Выйдя из палаты Курта, Гонора увидела Гида и Джоселин. Они стояли у окна и тихо разговаривали. Общаться не хотелось, и Гонора, стараясь остаться незамеченной, быстро прошла по коридору и уже взялась за ручку двери, когда Джоселин окликнула ее. Пришлось вернуться.
— Как Курт? — спросила Джоселин.
— Он узнал меня. — Гонора не могла сдержать слез. — Простите, — она достала носовой платок и вытерла глаза.
— Гид, как себя чувствует Энни? Она уже родила?
— Вот уже двадцать девять минут, как мы стали родителями. У нас сын. Такой же крепкий, как и я.
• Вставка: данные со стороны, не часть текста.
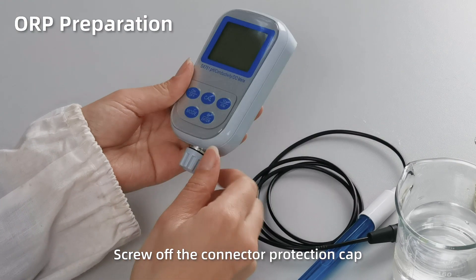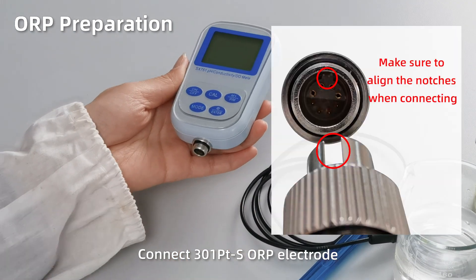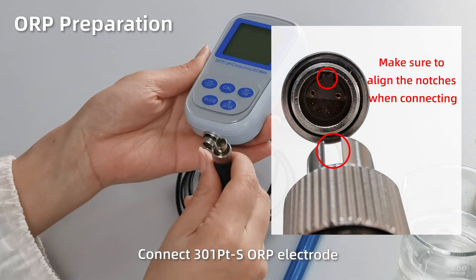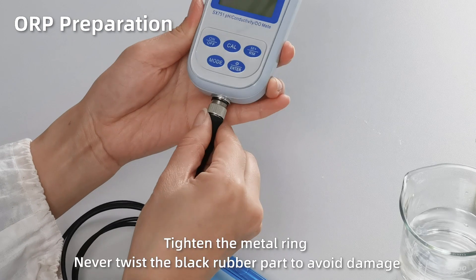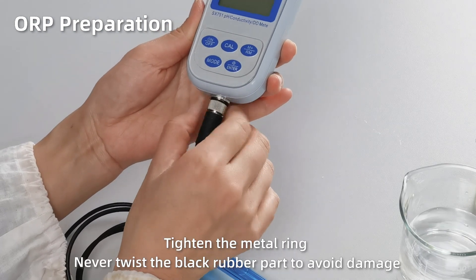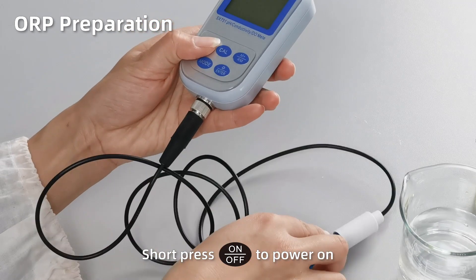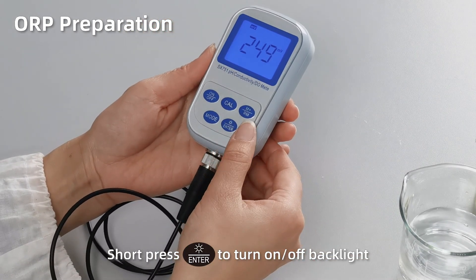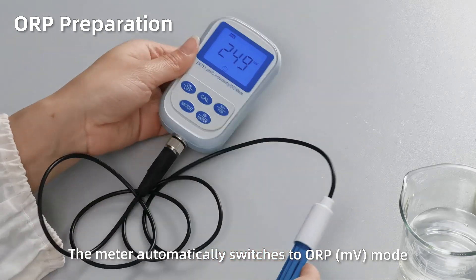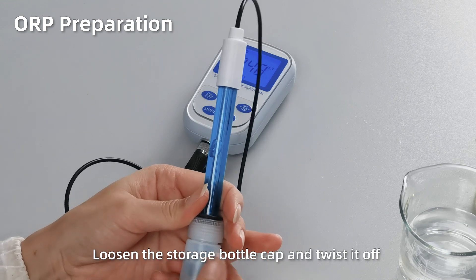ORP preparation. Open up the connector protection cap. Connect the ORP electrode, making sure to align the notches when connecting. Tighten the metal ring — never twist the black rubber part to avoid damage. Short press On to power on. Short press Enter to turn on or turn off the backlight. The meter automatically switches to ORP mode. Loosen the storage bottle cap and twist it off.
Энни чувствует себя хорошо.
Гонора вытерла слезы.
— Тетя Гонора, — Гид тронул ее за плечо. — Здесь сказано, — Гид кивнул на светящееся табло, — что вы можете посещать мистера Айвари только пять минут в час.
Гонора взглянула на табло.
«Посещение разрешается только близким родственникам, не более двух человек одновременно, по пять минут каждый час».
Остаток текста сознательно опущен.